By: Patrick M. Garry
Publisher: Kenric Books
Publication Date: July 2018
Reviewed by: Barbara Bamberger Scott
Patrick M Garry creates an emotive, microcosmic atmosphere against a backdrop of national conflict in his new book In the Shadow of War.
In the Shadow of War centers on narrator Glen Kinsella, recalling his younger years. As the story opens, it is summer, 1970. Glen is a recent high school grad who grew up shepherding his mentally deficient brother Ricky, who recently died in a freak accident for which Glen feels responsible. Despite his special needs, Ricky was charming, with amusing speech patterns and a fascination with Martians that came from watching sci-fi movies. From his years with Ricky, Glen learned that contact with such people could bring out your meanness, your sense of playfulness and your deepest affection. Every year the two boys were dropped off by their parents in Corcoran, a tiny “blink-and-it’s-gone” town occupied by their Grandpa and a few other diehards who were trying to keep the town’s ambience alive. Ploughing the fields for meager crops and arranging an occasional burial in the Corcoran cemetery, Grandpa hits on the idea of reviving the town with new blood. He invites three women to move in: all are married to soldiers deployed in Vietnam, one of them, Sharon, already a widow.

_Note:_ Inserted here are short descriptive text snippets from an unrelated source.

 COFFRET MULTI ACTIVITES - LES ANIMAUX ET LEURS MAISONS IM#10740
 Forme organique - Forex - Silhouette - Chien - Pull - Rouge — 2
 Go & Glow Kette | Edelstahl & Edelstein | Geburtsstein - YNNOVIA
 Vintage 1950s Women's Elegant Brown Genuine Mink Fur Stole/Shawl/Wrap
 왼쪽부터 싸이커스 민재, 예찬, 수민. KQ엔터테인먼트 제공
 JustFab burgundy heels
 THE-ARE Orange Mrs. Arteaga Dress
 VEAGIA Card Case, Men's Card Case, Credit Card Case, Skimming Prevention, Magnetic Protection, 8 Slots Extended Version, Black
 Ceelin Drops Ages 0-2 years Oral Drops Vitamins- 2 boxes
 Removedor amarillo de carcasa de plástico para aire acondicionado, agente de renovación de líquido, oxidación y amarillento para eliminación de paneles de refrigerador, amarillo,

Glen, in his first summer without Ricky, is swept up in the lives and histories of these women and of the vets who occasionally come for picnics. But two visitors will change Corcoran – and Glen – forever: former soldier Will, who has dark news to impart, and Suzanne, a footloose young woman with a secret she feels she must hide, especially since she and Glen are falling in love. And around all of them, a sinister plot is underway for destruction of the town they all call home. Garry’s intriguing novel interweaves one boy’s coming-of-age drama with the memories, conversations and interactions of a gaggle of diverse characters. Glen’s recurring recollections of his time with Ricky provide a kind of playbook for his current exploration of the world of adulthood that he soon must enter. As the summer passes, the boy also learns more about Grandpa’s deep attachment to Corcoran. The potent framing for this elaborate interpersonal tapestry is the Vietnam War. Protests against the war are mounting, and protestors come to Corcoran, affecting and afflicting its newfound collection of war wives, widows and survivors.
Garry, an award-winning novelist and professor of law, has constructed a sensitive, intelligent story redolent of the times, bringing the Vietnam War to Corcoran through the conflicting feelings and opinions of the community. At times there are too many small mysteries, questions and solutions in confluence, leading to a crowded feel. But as regards the central theme, readers with ties to those difficult times will appreciate how judiciously the author presents varying viewpoints without forcing the reader to take sides. When Will expresses what Nam was like for the warriors, he could as easily be speaking for those back in the US watching the action on TV each evening: “You never knew where anything was going, or how anything would work out.”
Quill says: Garry has created a memorable snapshot of a divisive era in our nation’s history, revealed through the eyes of realistically conceived characters who, no matter the outcome, have much to gain or lose.